Not only is this discharge of raw domestic and commercial waste environmentally unfriendly, it is socially irresponsible and potentially life threatening, but not to prawns or flamingos, which treasure it as a food source.
“The recent huge increase in organic pollution has caused the underwater visibility to decrease from an average of 20 meters to 6-8 meters,” said one environmental expert who has dived on the pie and southward.
“The Red Sea up to 100 miles (150 km) away is turning green. Algae blooms are smothering the coral reefs and suffocating it and this effect is compounded by the reduced visibility caused by plankton which is reducing the amount of sunlight reaching the photosynthesizing corals — and they are dying off.” The organic solids float southward, dragged by the prevailing northwest current that passes Jeddah and moves along the coast toward Al-Laith and Jazan. Some solids, through eddying shore currents, flow back toward Al Hamra Beach. Other local currents precipitate thousands of tons of brown ooze on the coral shore to the immediate south of the King Faisal Naval Base where flamingos gather to feast off the shrimps and gastropods that feed of the waste.

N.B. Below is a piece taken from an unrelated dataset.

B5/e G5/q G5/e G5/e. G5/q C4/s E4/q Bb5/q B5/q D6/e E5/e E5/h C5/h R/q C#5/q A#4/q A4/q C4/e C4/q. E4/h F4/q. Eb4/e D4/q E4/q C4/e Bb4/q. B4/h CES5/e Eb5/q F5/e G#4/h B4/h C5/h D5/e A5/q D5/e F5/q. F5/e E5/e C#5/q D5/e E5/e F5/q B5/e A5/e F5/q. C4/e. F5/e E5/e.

They eat it and we eat them, along with a variety of other locally caught fish. The local fresh fish market of the Corniche is positively awash with people blissfully unaware of what they are buying and consuming.
It seems that three more of these deep-water outfall pipes are planned for a site to the north of the existing pipeline and the contracts drawn up if not already signed. There are, sources say, no matching treatment plants planned for some considerable time.
Now, I don’t mind nibbling the odd molecule of Cleopatra or an atom or two of Helen of Troy, but as to you dear reader well, we haven’t been properly introduced!